Solo: A Star Wars Story - 10 Fan Service Moments That Will Make You Groan

Sometimes nodding and winking at the past is far from a good thing.

Solo A Star Wars Story Chewbacca
Lucasfilm

The modern reinvention of the Star Wars franchise has made a lot of money off the back of nostalgia. In 2015, the franchise's triumphant return in The Force Awakens mined the goodwill of fans to the tune of two billion dollars at the worldwide box office, while first spin-off Rogue One transported audiences to a world that was different, but familiar, and littered with references to the original Star Wars movies.

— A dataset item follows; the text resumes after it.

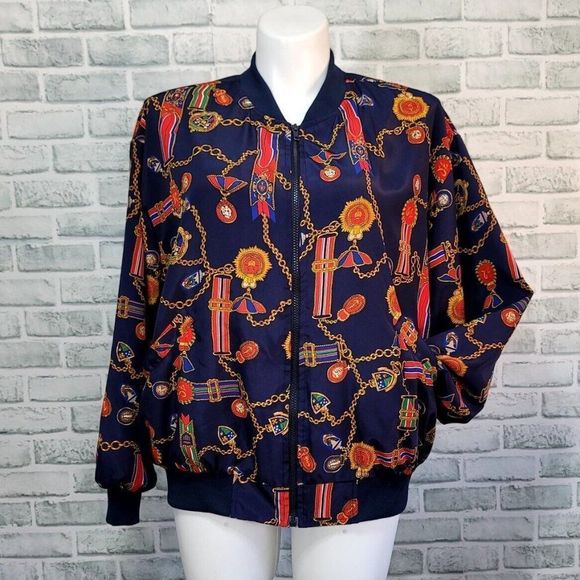 Vintage 90s Alfred Dunner Designer Navy Gold Chains‎ Medals Printed Satin Bomber - Picture 1 of 8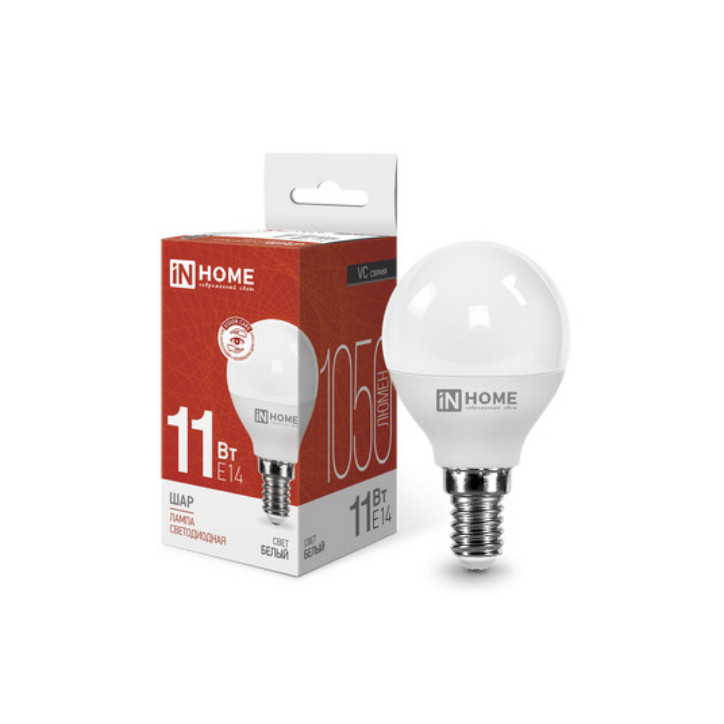 Лампа светодиодная LED-ШАР-VC 11Вт 230В Е14 4000К 1050Лм IN HOME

That same sense of nostalgia and fan service is at play in Solo: A Star Wars Story, which takes everyone's favourite character from the original Star Wars trilogy and gives him a superhero-style origin tale. It's a film that delights in winking and nodding at dialogue from the past, while filling in backstory gaps with all of the subtlety of a blaster shot to the face.

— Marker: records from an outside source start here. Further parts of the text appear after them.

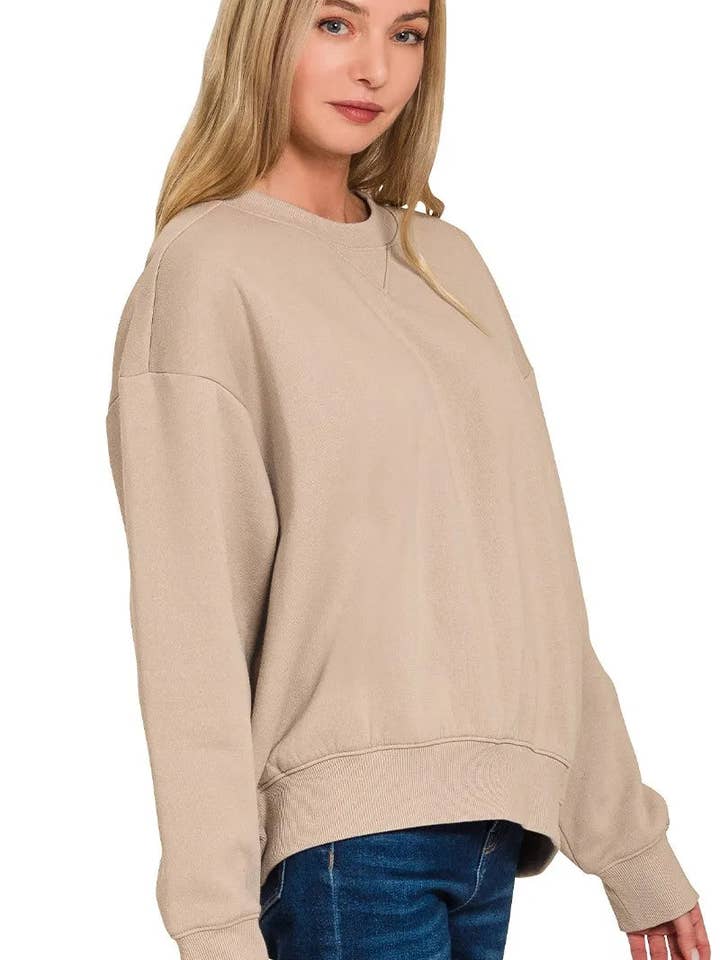 ASH MOCHA Zenana Fleece Long Sleeve Sweatshirts & Shorts Set for wholesale on Faire3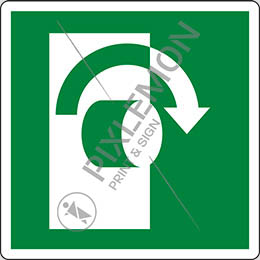 Adhesive sign cm 12x12 turn clockwise to open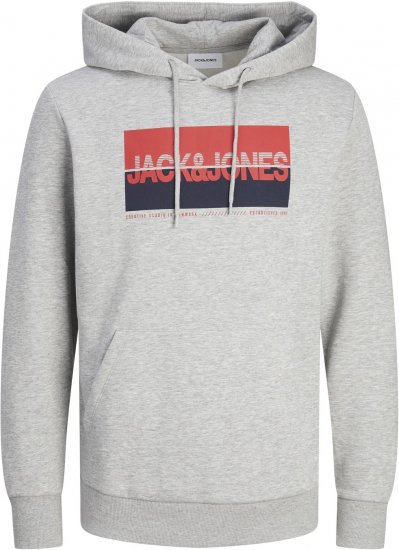 Jack & Jones JJNOLAN Hoodie Light Grey - φούτερ/Φούτερ με κουκούλα - φούτερ/Φούτερ με κουκούλα ανδρικά μεγάλα μεγέθη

On the surface, Solo is a decent enough adventure movie with some fun action sequences and a good line in comedy that mostly works. However, there are elements of its script that land like enormous lead balloons, evoking the past in ways that come across as a little too obvious, bringing the movie to a grinding halt.

There are, of course, spoilers ahead.

10. Chewbacca Learns Dejarik

Solo A Star Wars Story Chewbacca
Lucasfilm

One of the first scenes involving Chewbacca in Star Wars: A New Hope sees him playing the chess-like board game Dejarik aboard the Millennium Falcon. R2-D2 is winning the game, but Han Solo suggests that Wookiees are bad losers and are known to pull people's arms out of their sockets in rage. C-3PO then advises Artoo to "let the Wookiee win".

In Solo: A Star Wars Story, soon after the gang of thieves join forces with Lando Calrissian and climb aboard the Falcon, Chewbacca and the group's ringleader Tobias Beckett are shown playing the game. Beckett, in one of many clear nods to the film's conclusion, advises Chewbacca that people are predictable and that a good player sees a number of moves in the future.

This is a scene that exists in Solo: A Star Wars Story solely as a nod to one of the most memorable moments in A New Hope. The idea of Beckett as a manipulator and a predictor of human behaviour had already been established elsewhere, so the appearance of the Dejarik board is merely included for fans to recognise.